+++ Records +++

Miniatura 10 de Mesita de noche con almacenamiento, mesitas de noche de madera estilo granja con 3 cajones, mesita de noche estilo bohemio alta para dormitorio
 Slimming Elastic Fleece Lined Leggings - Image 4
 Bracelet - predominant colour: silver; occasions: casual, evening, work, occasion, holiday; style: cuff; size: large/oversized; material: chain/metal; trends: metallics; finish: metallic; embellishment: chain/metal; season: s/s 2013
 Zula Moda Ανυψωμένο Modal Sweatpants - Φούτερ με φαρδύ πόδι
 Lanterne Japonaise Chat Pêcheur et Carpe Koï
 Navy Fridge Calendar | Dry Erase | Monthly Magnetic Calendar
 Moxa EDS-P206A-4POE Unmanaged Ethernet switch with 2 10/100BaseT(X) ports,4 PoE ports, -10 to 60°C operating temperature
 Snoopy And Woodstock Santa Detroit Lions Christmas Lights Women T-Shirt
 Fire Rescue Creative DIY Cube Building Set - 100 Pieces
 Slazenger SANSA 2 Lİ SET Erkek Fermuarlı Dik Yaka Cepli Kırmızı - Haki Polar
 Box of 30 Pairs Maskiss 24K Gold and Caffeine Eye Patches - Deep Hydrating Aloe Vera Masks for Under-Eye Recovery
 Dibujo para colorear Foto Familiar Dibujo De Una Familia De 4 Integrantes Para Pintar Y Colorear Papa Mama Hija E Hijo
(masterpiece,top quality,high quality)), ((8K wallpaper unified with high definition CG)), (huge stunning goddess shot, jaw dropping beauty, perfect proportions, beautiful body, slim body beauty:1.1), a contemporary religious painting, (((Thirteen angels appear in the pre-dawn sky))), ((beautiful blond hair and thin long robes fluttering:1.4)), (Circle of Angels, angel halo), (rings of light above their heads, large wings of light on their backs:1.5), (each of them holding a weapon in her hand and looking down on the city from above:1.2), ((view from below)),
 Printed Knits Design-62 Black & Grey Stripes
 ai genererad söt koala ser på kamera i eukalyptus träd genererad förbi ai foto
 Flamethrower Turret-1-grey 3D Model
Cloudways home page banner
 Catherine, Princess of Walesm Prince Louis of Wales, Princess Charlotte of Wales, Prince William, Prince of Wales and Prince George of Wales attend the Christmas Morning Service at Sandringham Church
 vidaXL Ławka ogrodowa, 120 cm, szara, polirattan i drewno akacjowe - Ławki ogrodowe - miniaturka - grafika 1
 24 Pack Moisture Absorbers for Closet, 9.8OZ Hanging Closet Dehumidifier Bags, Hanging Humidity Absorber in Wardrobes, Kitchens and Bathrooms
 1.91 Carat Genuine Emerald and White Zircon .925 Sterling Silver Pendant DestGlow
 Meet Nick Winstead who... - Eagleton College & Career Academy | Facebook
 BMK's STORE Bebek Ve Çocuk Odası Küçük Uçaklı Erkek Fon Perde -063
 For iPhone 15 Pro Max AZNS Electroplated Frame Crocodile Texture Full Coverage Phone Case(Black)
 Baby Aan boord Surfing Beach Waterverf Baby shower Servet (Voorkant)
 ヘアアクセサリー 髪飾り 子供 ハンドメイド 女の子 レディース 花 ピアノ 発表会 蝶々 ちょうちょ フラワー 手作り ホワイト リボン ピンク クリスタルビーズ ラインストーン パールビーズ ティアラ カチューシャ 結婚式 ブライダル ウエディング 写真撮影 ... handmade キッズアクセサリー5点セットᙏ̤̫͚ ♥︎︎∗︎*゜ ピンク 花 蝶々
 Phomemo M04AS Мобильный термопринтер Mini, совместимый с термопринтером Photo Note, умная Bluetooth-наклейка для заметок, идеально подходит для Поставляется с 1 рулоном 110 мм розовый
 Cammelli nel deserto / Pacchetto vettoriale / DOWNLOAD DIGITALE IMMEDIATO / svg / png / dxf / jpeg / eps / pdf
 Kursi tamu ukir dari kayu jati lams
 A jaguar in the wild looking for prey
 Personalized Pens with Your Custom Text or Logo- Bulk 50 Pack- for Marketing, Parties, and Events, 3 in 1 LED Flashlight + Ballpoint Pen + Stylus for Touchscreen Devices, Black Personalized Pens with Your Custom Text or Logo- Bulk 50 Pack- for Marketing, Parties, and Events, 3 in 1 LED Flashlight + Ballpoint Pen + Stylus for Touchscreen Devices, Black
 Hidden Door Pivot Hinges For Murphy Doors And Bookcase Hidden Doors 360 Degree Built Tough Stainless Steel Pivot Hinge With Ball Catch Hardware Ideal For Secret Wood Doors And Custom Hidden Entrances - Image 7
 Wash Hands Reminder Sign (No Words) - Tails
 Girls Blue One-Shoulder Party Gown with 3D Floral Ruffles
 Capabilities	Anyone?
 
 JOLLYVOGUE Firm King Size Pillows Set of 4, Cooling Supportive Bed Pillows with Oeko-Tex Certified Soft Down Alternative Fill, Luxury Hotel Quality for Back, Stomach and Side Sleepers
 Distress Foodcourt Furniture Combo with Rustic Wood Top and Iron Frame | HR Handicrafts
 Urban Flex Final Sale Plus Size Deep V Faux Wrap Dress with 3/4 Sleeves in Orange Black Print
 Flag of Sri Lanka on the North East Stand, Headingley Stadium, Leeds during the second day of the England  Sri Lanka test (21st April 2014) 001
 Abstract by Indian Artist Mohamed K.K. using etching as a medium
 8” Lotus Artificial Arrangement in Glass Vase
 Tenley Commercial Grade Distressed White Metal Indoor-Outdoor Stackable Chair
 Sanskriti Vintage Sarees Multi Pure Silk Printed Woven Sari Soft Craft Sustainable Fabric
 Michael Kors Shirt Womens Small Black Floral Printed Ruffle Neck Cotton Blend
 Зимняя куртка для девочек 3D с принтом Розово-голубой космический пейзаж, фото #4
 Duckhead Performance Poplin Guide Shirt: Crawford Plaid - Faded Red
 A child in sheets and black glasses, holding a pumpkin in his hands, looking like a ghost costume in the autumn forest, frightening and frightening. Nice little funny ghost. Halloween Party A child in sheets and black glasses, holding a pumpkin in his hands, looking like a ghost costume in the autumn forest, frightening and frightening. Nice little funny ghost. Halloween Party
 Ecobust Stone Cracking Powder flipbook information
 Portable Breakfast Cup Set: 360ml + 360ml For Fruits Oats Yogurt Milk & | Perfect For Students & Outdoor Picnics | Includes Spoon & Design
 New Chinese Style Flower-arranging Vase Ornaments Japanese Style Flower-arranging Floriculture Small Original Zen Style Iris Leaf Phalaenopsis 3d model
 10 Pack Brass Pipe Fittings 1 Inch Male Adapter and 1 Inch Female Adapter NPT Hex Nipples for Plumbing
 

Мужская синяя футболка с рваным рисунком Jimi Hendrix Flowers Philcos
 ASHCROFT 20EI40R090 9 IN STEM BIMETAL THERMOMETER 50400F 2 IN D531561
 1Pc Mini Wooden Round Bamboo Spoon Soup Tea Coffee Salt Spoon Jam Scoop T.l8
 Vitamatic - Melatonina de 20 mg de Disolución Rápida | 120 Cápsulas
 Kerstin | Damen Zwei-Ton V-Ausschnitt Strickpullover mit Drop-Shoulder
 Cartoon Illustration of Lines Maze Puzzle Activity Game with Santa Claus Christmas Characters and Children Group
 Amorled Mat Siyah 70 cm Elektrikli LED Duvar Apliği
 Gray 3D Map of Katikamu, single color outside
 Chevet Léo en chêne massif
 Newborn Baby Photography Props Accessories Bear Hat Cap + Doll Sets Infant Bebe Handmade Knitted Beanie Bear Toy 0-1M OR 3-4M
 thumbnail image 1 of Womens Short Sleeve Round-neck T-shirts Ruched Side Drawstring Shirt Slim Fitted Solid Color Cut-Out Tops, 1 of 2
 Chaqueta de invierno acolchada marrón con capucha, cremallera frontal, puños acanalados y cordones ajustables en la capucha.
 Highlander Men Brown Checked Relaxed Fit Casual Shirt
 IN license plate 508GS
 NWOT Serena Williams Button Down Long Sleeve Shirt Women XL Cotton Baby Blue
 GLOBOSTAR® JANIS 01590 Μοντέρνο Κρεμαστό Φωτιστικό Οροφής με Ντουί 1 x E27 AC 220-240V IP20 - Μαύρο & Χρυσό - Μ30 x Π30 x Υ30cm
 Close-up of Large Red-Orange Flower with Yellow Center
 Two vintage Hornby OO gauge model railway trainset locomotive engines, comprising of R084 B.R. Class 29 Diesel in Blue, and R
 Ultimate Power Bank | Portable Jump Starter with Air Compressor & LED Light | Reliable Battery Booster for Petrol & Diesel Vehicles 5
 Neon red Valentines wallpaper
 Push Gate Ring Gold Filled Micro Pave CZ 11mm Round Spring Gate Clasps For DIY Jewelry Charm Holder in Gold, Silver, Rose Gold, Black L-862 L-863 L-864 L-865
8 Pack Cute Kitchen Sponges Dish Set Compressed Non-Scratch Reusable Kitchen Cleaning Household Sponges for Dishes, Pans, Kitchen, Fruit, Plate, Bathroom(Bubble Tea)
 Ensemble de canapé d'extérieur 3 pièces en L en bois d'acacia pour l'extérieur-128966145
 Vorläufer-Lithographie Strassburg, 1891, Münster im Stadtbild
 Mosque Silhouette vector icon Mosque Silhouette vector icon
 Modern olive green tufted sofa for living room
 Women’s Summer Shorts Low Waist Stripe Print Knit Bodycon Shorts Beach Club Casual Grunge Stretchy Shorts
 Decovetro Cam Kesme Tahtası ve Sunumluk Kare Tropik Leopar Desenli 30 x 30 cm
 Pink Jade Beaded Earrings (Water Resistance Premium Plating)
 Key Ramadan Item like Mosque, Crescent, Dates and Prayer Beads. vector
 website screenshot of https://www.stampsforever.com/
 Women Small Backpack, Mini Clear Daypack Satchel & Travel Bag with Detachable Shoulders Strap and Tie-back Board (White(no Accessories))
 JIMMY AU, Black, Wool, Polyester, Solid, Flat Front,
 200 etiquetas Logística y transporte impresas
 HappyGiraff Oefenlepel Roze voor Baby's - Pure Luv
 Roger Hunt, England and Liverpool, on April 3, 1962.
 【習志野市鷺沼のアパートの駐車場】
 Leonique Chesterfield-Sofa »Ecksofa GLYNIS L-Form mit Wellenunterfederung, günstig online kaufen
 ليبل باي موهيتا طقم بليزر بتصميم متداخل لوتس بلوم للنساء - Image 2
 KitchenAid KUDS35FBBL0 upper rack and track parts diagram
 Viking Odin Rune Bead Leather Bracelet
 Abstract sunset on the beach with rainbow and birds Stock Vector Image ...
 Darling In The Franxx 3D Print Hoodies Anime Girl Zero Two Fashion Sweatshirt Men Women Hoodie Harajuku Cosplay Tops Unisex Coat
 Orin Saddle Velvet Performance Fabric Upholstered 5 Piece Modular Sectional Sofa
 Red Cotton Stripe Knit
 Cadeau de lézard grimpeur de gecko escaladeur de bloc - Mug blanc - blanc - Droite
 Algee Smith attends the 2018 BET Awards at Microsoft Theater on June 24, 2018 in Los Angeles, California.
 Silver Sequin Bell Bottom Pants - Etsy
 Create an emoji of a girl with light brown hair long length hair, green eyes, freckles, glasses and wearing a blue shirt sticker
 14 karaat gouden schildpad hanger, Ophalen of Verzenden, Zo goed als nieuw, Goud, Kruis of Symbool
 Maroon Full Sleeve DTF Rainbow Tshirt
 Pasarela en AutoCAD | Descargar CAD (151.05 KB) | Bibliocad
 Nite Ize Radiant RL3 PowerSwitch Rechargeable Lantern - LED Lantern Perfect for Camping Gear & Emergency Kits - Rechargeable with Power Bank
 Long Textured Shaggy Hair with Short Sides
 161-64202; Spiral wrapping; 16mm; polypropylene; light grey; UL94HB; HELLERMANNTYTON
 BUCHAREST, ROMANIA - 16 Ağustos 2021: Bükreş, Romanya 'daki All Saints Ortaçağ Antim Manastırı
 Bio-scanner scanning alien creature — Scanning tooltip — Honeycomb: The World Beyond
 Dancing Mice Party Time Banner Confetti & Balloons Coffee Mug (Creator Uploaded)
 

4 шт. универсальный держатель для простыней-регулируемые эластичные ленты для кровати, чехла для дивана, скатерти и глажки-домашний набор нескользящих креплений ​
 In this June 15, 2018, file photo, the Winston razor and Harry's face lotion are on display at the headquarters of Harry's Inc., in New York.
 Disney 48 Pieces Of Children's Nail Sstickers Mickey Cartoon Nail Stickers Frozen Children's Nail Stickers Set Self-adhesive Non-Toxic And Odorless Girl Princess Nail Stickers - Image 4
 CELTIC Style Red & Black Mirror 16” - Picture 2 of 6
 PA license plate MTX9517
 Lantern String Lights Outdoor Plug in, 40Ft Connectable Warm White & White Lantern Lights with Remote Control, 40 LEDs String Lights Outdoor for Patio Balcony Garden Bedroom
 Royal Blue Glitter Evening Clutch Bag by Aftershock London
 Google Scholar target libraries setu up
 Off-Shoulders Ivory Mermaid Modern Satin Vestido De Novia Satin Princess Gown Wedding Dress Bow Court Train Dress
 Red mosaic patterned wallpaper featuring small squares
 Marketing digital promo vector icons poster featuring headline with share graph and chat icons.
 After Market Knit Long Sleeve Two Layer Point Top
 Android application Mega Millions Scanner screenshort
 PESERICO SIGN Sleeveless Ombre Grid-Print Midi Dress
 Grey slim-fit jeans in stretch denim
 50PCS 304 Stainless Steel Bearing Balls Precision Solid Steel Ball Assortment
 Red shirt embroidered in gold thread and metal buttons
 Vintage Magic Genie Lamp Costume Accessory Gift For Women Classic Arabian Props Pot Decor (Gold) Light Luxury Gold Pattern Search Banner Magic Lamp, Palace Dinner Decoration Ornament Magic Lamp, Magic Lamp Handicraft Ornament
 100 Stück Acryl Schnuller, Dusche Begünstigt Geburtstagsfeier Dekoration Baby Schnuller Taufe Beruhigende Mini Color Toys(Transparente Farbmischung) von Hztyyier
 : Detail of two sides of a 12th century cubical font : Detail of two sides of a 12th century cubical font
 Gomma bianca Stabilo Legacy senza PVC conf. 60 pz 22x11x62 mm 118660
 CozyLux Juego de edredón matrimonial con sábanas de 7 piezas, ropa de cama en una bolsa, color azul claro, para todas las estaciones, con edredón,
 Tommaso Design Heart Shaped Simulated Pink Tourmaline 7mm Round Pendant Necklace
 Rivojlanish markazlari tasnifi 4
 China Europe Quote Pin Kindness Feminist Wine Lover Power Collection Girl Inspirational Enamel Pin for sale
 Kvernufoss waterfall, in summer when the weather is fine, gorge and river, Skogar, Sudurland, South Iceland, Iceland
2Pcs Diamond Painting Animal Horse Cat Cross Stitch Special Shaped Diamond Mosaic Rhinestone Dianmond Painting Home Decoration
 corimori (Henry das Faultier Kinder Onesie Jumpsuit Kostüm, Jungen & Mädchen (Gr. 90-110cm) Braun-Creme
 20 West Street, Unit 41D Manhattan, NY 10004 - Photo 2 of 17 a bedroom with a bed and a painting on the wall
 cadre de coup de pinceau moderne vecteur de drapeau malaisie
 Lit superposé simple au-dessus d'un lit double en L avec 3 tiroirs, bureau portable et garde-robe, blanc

+++

After locating the line with "Viking Odin Rune Bead Leather Bracelet" in the material above, return it and each line after it exactly, ending at the line with "Long Textured Shaggy Hair with Short Sides".

**Result for this task:**
 Viking Odin Rune Bead Leather Bracelet
 Abstract sunset on the beach with rainbow and birds Stock Vector Image ...
 Darling In The Franxx 3D Print Hoodies Anime Girl Zero Two Fashion Sweatshirt Men Women Hoodie Harajuku Cosplay Tops Unisex Coat
 Orin Saddle Velvet Performance Fabric Upholstered 5 Piece Modular Sectional Sofa
 Red Cotton Stripe Knit
 Cadeau de lézard grimpeur de gecko escaladeur de bloc - Mug blanc - blanc - Droite
 Algee Smith attends the 2018 BET Awards at Microsoft Theater on June 24, 2018 in Los Angeles, California.
 Silver Sequin Bell Bottom Pants - Etsy
 Create an emoji of a girl with light brown hair long length hair, green eyes, freckles, glasses and wearing a blue shirt sticker
 14 karaat gouden schildpad hanger, Ophalen of Verzenden, Zo goed als nieuw, Goud, Kruis of Symbool
 Maroon Full Sleeve DTF Rainbow Tshirt
 Pasarela en AutoCAD | Descargar CAD (151.05 KB) | Bibliocad
 Nite Ize Radiant RL3 PowerSwitch Rechargeable Lantern - LED Lantern Perfect for Camping Gear & Emergency Kits - Rechargeable with Power Bank
 Long Textured Shaggy Hair with Short Sides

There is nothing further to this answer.